The African Union (AU) heads of state Assembly has endorsed the G25 Kampala Declaration on coffee, making coffee a strategic crop for the continent.

The heads of state made coffee a strategic commodity for the continent on February 19, 2024 during the 37th AU Summit held in Addis Ababa, Ethiopia.

The Kampala declaration on coffee that was endorsed by heads of state came out of the G-25 Coffee Summit held in August last year in Kampala that asked the AU to make coffee a strategic commodity under the AU agenda 2063.

The Ugandan delegation in Ethiopia was led by Vice President Jessica Alupo, Minister for Agriculture, Frank Tumwebaze and Minister of Foreign Affairs, Jeje Odongo.

Tumwebaze says the AU  Assembly also resolved that  the next  extra ordinary AU Summit to consider the post-Malabo CAADP framework will be held in Kampala, Uganda in January 2025. Uganda currently chairs the special technical committee on Agriculture, rural development and water ( blue economy).

It should be noted that during the second meeting of the G-25 African Coffee Summit held in Kampala in August last year, leaders from coffee-producing countries in Africa agreed to push the value addition agenda and halt the export of raw coffee beans. This initiative is aimed at elevating the income of farmers and curtailing the exploitation perpetuated by Western nations.

All participants at the summit, unanimously emphasized that for Africa to capitalize on the lucrative coffee industry, the continent’s producing nations must assume control and dominance within the market.

While opening the summit, President Yoweri Museveni presented statistics demonstrating that even though Africa contributes a significant portion of coffee to the global market, the producing countries reaped the least benefits from the coffee economy.

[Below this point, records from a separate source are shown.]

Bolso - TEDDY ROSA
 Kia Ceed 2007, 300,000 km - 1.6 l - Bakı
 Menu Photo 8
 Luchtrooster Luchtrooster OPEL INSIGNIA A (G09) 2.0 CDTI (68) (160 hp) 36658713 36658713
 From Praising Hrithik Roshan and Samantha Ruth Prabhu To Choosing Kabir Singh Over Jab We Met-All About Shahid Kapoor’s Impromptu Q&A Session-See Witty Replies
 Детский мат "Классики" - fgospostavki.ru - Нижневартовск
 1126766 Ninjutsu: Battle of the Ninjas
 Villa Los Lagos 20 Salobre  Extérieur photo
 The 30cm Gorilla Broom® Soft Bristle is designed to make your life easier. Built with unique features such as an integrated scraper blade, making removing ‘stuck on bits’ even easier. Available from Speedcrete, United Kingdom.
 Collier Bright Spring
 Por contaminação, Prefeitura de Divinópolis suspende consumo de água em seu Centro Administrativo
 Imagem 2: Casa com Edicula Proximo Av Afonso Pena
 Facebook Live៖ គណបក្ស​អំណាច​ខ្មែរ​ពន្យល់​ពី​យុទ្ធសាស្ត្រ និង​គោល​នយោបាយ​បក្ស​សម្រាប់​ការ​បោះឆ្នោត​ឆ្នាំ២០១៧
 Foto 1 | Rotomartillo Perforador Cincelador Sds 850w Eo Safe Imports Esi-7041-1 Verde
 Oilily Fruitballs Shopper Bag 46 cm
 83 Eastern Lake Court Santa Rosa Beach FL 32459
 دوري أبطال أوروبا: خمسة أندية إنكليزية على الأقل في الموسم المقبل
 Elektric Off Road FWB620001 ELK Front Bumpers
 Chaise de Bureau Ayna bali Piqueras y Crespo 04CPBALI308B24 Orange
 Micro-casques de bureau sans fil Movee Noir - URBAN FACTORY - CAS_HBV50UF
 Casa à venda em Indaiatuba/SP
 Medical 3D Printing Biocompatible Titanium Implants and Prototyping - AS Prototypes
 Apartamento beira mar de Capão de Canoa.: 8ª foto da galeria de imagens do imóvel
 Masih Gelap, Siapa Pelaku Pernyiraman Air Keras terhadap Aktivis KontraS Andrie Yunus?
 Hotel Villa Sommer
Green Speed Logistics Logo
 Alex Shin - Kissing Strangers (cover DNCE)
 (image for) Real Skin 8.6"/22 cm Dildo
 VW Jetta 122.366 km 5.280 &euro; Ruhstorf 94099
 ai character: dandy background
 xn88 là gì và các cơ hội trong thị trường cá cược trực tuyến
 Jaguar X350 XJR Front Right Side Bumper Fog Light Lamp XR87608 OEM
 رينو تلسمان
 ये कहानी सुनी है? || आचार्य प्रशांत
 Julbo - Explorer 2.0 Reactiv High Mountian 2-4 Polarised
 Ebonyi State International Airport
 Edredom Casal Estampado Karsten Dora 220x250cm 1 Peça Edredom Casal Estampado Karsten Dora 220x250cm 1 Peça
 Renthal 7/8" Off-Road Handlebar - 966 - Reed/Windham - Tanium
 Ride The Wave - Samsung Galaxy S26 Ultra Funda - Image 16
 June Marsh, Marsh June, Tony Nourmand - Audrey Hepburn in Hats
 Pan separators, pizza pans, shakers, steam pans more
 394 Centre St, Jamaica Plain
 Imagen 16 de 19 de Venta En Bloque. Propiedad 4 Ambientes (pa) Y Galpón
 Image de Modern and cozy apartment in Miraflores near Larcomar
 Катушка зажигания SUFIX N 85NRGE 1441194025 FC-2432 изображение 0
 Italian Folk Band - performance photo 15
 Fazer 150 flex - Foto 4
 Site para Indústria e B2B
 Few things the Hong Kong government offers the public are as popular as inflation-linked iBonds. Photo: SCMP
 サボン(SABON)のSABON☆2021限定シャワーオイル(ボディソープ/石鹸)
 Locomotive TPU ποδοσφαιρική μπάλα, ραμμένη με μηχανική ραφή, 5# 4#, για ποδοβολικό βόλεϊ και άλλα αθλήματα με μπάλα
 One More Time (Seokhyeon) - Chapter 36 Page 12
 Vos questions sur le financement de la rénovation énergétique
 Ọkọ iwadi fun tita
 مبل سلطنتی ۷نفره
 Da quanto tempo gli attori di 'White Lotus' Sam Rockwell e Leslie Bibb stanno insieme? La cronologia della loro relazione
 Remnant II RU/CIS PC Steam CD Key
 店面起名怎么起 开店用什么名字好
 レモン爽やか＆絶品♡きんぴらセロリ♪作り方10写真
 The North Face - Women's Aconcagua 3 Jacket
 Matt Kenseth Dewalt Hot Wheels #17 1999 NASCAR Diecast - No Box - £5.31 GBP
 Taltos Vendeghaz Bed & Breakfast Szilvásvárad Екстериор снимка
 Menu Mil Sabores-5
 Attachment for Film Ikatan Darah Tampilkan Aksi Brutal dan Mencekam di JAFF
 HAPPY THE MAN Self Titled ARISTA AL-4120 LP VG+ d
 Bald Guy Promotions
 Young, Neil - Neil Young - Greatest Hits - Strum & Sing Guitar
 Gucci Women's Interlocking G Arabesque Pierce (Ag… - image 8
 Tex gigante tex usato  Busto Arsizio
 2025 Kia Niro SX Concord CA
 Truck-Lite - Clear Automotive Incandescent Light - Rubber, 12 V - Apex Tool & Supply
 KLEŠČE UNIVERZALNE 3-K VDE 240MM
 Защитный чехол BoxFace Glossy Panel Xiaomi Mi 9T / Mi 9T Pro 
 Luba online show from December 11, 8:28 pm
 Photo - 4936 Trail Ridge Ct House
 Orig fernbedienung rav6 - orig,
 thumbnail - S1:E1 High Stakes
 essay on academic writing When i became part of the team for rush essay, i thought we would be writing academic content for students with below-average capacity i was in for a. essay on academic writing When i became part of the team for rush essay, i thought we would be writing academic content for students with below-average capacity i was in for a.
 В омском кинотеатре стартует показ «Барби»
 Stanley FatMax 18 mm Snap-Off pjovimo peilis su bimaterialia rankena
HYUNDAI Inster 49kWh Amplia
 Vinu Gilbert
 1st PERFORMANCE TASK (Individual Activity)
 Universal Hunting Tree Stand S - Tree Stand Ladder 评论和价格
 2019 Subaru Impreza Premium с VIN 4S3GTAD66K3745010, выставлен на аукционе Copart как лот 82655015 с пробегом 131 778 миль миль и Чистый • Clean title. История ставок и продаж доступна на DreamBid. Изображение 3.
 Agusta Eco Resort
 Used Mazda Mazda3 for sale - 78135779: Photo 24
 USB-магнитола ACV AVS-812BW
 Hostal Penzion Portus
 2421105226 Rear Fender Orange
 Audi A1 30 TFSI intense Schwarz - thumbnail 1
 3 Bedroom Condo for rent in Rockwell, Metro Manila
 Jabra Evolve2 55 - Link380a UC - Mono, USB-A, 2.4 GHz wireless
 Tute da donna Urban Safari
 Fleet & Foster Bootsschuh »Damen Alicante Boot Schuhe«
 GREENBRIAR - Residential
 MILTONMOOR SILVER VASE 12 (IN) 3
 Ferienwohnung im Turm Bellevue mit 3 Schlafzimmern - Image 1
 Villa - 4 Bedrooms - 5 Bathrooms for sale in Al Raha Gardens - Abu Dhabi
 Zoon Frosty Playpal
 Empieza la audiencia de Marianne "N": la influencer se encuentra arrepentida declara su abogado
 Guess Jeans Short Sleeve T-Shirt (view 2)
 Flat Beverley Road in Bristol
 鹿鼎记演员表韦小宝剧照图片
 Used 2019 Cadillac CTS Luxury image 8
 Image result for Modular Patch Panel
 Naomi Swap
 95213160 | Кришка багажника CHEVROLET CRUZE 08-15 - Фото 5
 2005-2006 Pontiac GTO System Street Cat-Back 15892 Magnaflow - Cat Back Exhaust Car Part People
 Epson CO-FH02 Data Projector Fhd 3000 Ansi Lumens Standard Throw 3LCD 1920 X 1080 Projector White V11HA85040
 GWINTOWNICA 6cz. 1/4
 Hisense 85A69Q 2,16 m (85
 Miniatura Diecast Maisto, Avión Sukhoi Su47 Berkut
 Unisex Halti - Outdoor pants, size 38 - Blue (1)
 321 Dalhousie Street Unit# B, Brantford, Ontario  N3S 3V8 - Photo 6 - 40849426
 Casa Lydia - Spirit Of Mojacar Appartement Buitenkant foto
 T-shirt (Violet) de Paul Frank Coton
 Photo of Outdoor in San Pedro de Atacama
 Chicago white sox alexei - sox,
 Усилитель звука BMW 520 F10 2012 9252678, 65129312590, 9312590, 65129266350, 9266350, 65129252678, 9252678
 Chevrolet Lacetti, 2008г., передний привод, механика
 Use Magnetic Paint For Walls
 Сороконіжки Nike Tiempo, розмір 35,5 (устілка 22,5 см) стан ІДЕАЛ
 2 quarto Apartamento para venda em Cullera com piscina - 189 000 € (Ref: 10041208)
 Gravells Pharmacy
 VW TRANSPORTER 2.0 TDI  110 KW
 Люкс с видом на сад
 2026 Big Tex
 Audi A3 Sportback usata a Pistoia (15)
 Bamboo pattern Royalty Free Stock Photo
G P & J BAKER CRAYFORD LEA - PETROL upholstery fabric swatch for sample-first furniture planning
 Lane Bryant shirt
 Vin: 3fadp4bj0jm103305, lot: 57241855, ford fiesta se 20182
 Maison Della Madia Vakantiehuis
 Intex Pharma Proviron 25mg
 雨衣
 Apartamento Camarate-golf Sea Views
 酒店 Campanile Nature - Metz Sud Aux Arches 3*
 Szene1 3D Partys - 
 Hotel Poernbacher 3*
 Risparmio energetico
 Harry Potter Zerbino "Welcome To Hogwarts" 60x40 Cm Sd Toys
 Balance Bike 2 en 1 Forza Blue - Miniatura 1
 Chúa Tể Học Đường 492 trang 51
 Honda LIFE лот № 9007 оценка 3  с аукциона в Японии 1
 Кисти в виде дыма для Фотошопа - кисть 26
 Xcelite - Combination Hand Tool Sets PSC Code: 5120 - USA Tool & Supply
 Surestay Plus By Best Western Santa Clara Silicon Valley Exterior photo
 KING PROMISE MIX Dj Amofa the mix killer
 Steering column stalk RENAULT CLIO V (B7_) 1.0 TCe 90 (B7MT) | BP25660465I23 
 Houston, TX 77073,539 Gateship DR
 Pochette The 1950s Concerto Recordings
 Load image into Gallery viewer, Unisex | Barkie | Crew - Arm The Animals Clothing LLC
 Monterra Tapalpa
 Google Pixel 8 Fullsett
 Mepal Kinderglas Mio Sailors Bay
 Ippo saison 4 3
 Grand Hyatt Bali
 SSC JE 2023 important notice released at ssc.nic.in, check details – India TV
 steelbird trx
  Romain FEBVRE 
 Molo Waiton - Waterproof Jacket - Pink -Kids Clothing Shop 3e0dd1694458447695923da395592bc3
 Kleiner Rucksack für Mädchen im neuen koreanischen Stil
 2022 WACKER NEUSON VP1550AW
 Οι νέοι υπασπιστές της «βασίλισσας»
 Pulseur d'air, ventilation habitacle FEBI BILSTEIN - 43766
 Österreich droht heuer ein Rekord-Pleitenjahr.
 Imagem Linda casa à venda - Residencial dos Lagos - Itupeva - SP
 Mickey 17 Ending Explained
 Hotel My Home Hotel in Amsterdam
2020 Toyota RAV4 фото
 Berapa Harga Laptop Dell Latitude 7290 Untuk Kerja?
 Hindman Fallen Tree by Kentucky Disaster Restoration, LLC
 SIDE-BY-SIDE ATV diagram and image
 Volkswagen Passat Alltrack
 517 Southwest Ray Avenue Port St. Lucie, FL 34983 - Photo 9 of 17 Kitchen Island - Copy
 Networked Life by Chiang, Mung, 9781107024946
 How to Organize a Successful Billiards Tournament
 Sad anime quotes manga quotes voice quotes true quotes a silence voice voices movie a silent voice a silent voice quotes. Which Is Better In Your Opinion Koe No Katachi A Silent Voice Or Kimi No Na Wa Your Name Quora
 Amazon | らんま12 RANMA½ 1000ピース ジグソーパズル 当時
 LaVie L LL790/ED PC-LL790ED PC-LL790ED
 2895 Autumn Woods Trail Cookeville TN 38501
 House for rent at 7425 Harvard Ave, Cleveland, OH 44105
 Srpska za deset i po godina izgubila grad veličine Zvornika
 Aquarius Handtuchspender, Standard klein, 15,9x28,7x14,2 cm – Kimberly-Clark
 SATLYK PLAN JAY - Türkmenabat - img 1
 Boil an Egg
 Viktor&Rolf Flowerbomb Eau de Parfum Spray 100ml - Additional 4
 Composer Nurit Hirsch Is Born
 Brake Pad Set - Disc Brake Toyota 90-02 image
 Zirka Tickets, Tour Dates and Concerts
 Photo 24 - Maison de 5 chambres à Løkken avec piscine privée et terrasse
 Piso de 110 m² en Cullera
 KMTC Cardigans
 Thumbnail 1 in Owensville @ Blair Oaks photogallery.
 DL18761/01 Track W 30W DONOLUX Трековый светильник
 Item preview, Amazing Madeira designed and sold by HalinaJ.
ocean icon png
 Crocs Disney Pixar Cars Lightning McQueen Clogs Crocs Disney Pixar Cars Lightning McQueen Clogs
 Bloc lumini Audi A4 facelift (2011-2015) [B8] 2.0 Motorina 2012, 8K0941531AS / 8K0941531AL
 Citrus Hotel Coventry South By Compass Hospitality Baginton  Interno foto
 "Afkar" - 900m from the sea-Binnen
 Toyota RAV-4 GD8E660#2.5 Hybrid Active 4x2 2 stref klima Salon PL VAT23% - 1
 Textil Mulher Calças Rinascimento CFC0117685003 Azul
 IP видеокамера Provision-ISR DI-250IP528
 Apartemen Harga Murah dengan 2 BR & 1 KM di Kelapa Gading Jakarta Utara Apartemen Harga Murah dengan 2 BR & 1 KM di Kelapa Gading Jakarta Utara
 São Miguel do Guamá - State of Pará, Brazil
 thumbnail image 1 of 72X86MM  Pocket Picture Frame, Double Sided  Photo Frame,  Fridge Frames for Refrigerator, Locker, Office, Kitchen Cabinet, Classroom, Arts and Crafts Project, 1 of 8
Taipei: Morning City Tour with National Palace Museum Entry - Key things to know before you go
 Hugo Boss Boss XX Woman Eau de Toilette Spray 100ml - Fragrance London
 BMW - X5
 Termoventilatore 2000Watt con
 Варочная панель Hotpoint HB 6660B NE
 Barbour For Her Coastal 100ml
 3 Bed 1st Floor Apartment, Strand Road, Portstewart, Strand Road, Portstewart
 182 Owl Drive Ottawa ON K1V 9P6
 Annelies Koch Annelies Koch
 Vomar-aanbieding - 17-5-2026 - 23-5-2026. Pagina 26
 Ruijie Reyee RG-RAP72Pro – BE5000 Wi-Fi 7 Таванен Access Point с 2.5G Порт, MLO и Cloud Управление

Museveni added that all is not lost as the situation can be reversed by emphasizing the imperative for coffee-producing nations to enhance the value of their crop. He contended that this approach will not solely amplify revenue derived from the coffee industry but will also engender increased local employment opportunities, thereby mitigating the escalating unemployment rates.

The President underscored the viability of prohibiting the export of raw coffee and rectifying the inequitable international market dynamics. He told to the delegates that Uganda has already taken steps in this direction by imposing export bans on various raw materials, including valuable minerals such as uranium, copper, wolfram, and iron ore, along with currently sought-after resources like lithium.